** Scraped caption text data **
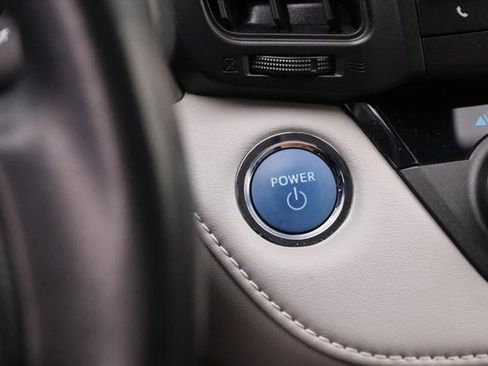 Certified 2018 Toyota RAV4 Limited image 16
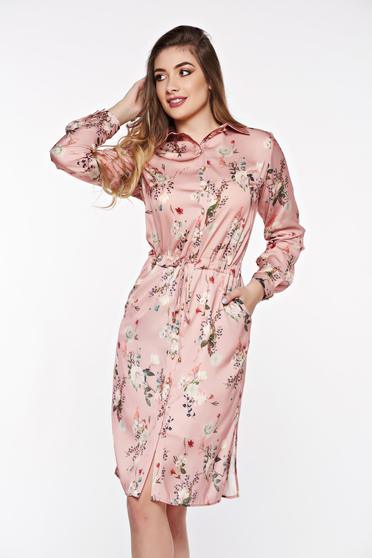 Rózsaszínű PrettyGirl elegáns ruha szatén anyagból belső béléssel zsinórral köthető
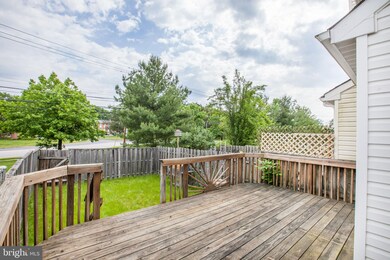 6 Kimberlys Ct, Baltimore, MD 21244 - photo 2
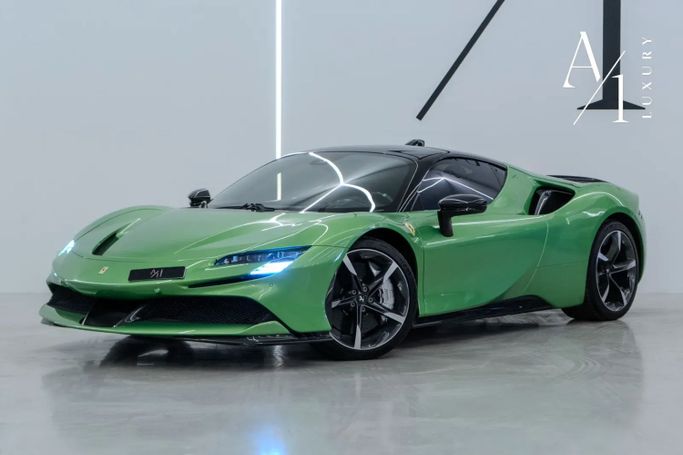 مستعملة Ferrari SF90 Stradale I, 4.0 l, 2021 في في دبي من A1 Luxury Motors، اللون أخضر. مواصفات الخليج | AUTO.AE | إعلان #255934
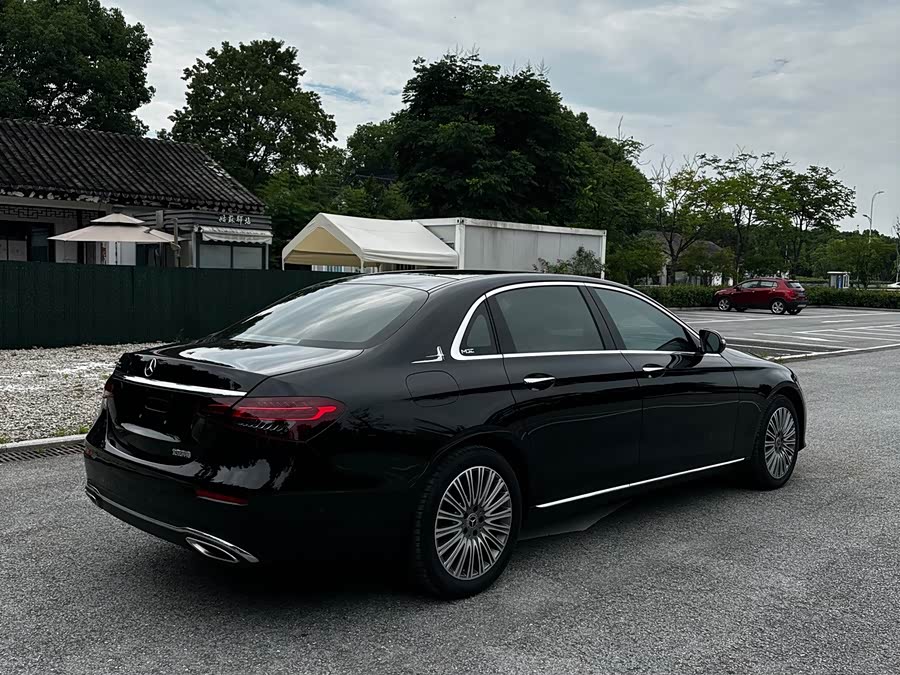 Mercedes-Benz E-Class 2023 Facelift E 300 L Luxury - zdjęcie 6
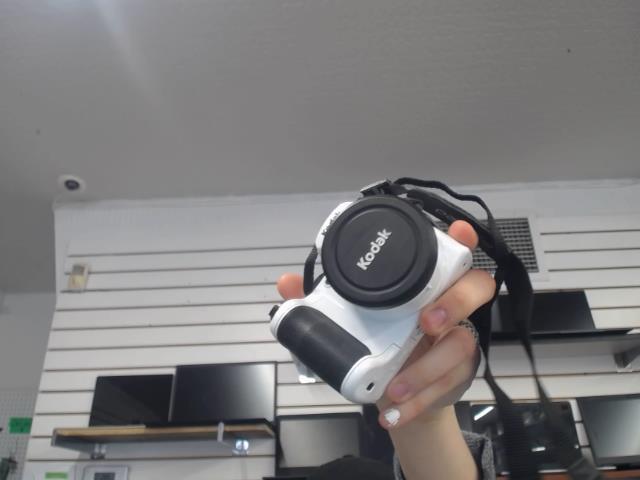 Kodak pixpro az252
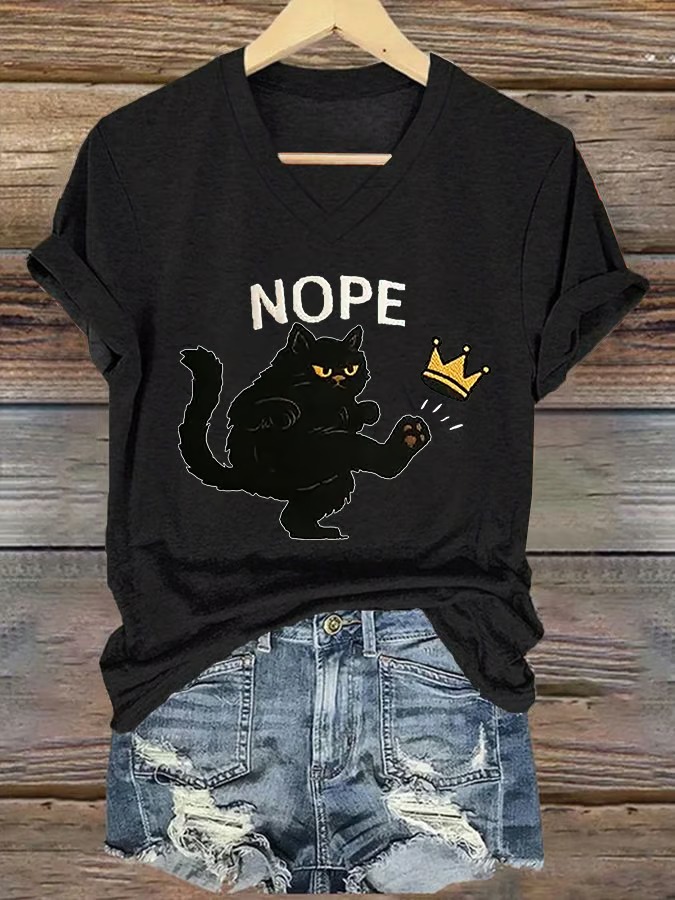 Women's V-Neck Retro No Kings In America Cat Crown Graphic Tee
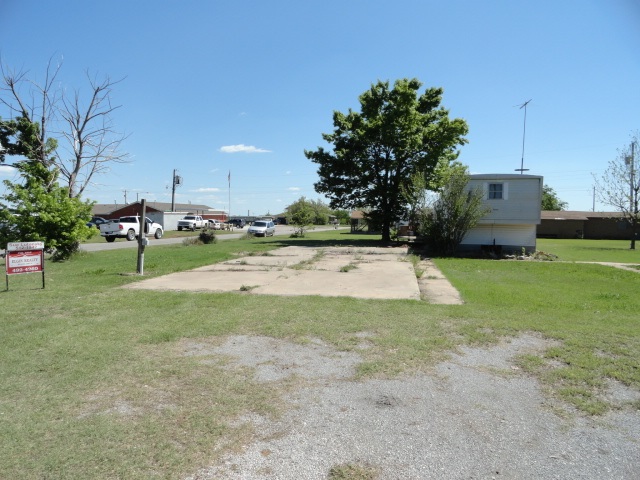 103 H St, Elgin, OK 73538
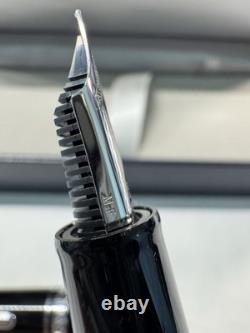 Sailor 1911 Large Fountain Pen Black/Rhodium 21k Medium-Fine 11-2024-320
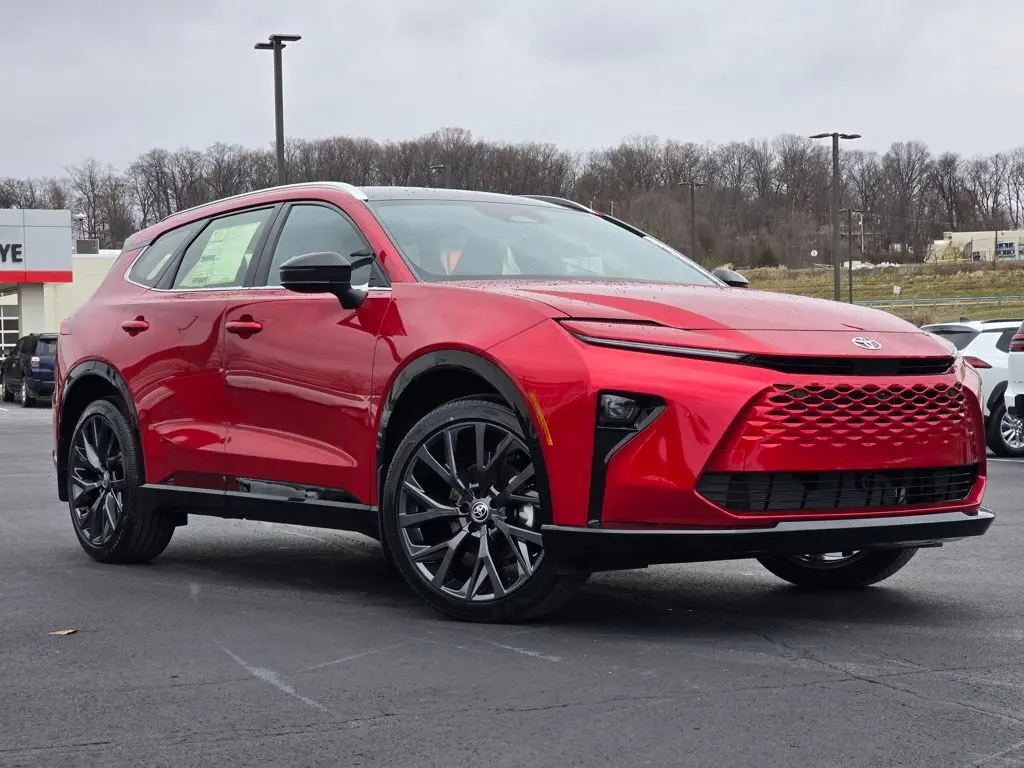 2025 Toyota Crown Signia Limited's photo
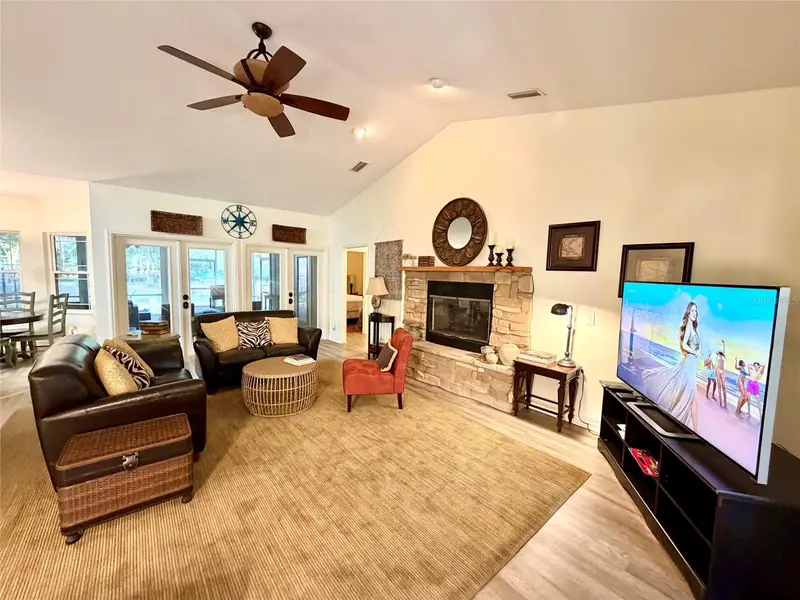 1043 Se County Road 21b, FL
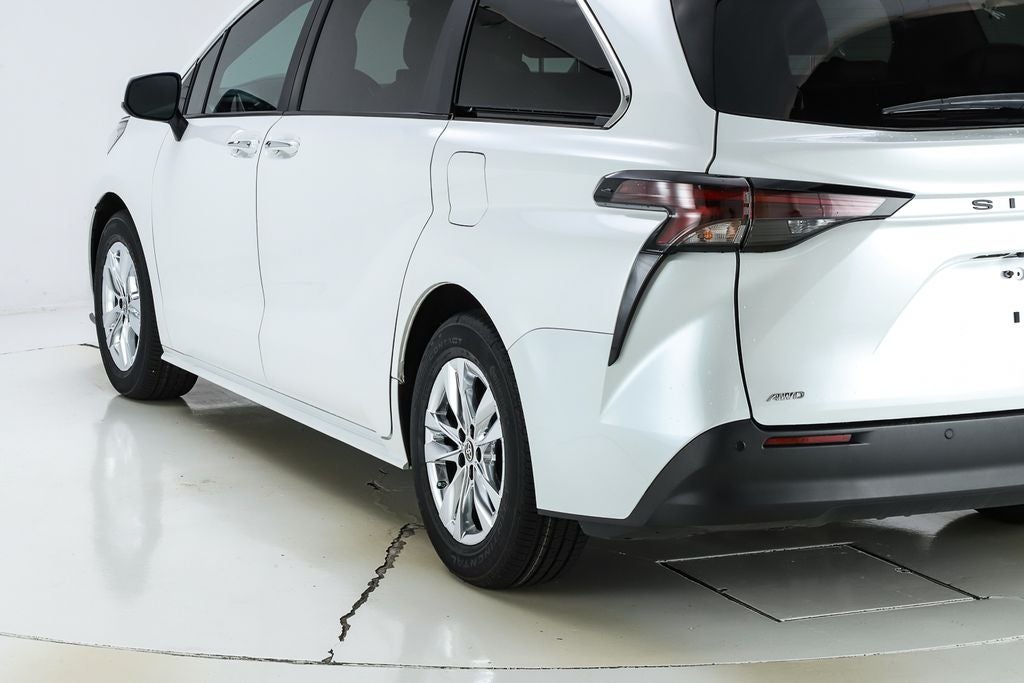 2024 Toyota Sienna XLE 7 Passenger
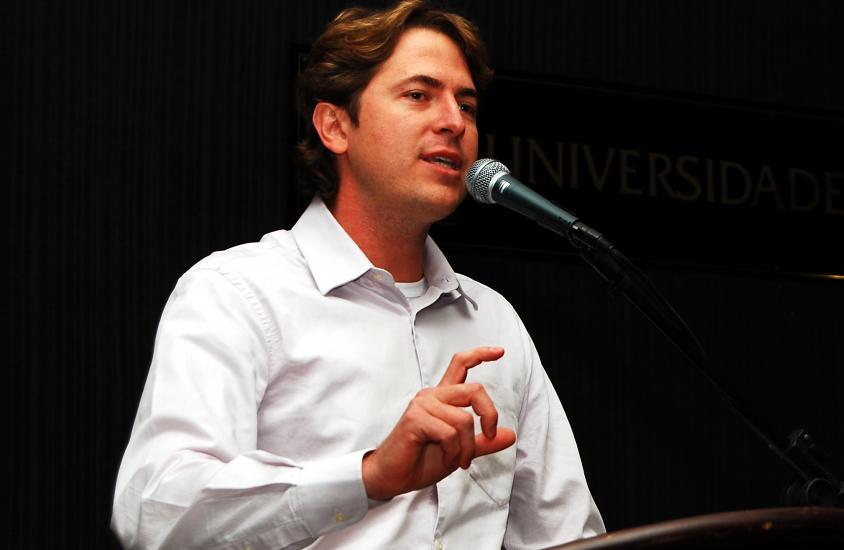 O Minist&eacute;rio P&uacute;blico havia denunciado Zeca Dirceu por, no dia do primeiro turno, ter afixado adesivos que indicavam o ent&atilde;o candidato a deputado ( Divulgação)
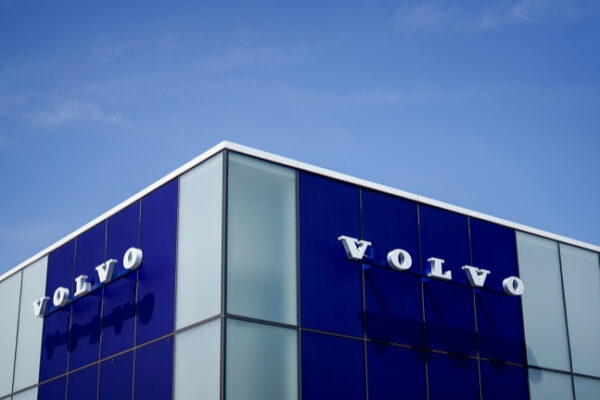 Volvo скорочує половину штату на підприємстві з виробництва батарей Volvo скорочує половину штату на підприємстві з виробництва батарей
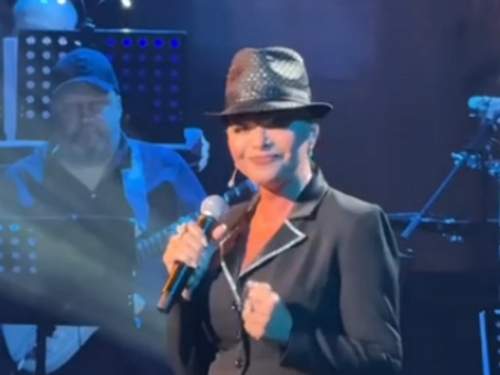 После отпуска в Абу-Даби певица спела в Москве про кровную месть (ВИДЕО)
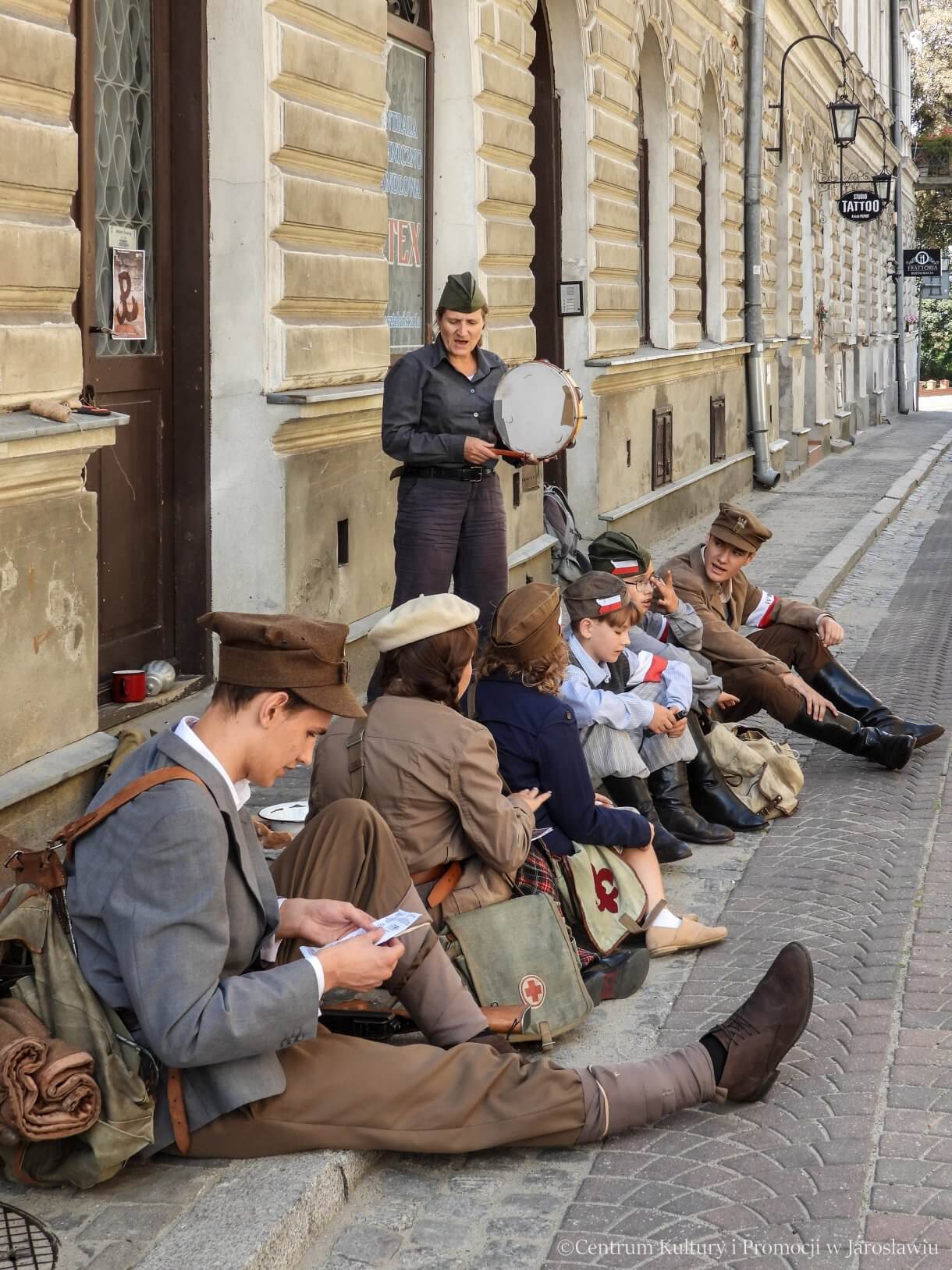81. rocznica Powstania Warszawskiego - inscenizacja harcerzy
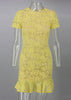 Vestido de Renda Curto com Babado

** WORK TO BE COMPLETED **
Although the records above contain pictures, the copy must not; set down exactly the lines from the one with "Sailor 1911 Large" up to and including the one with "виробництва батарей Volvo".

** REPLY **
 Sailor 1911 Large Fountain Pen Black/Rhodium 21k Medium-Fine 11-2024-320
 2025 Toyota Crown Signia Limited's photo
 1043 Se County Road 21b, FL
 2024 Toyota Sienna XLE 7 Passenger
 O Minist&eacute;rio P&uacute;blico havia denunciado Zeca Dirceu por, no dia do primeiro turno, ter afixado adesivos que indicavam o ent&atilde;o candidato a deputado ( Divulgação)
 Volvo скорочує половину штату на підприємстві з виробництва батарей Volvo скорочує половину штату на підприємстві з виробництва батарей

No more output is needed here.